Positive side of Sharpe ratio
• Simplicity and ease of interpretation are the main strength
• Still widely used by financial institutions to compare the performance of funds
• It cannot be manipulated by leverage – which is a weakness of Jensen’s alpha measurement
Negative side of Sharpe ratio
• It does not quantify the value added, if any: it is only a ranking criterion
• Assumes frictionless financial markets, so that it is possible to borrow to invest more than 100% in a risky portfolio – and this is not always possible
• The risk free rate is constant and identical for lending and borrowing
• The Sharpe ratio is an absolute measure that does not refer to a benchmark
Investors investment horizon must match the performance measurement period. Also as it measures the total risk, Sharpe ratio is only suitable for investors who invest in only one fund. In case of aggregation of portfolios, its consolidation is not straightforward because of the covariance effects between volatilities.

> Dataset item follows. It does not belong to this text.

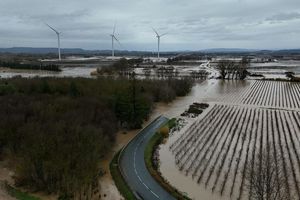 Massive Regenfälle haben in Südfrankreich für Überflutungen und Behinderungen geführt. - Foto: Lionel Bonaventure/AFP/dpa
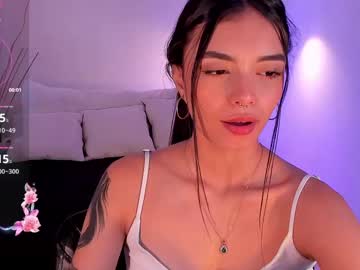 Anabelwolf Chaturbate stream image from May 21, 2025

Alternative to Sharpe ratio
CUBI thinks that to Sharpe ratio a good alternative is Ulcer index. Why? It is computed as the quadratic mean of the percentage drops in value during the observed period. It measures the depth and the duration of percentage drawdowns in price from earlier highs. Ulcer have couple of advantages compared to Sharpe ratio. It considers only downward changes and the strings of losses that result in significant drawdowns in value are recognized.
Bottom line: Despite the fact that Sharpe ratio is simply, widely used measurement, it has more negative aspects than positive ones. According to CUBI, Ulcer index could be an alternative for more positive aspects.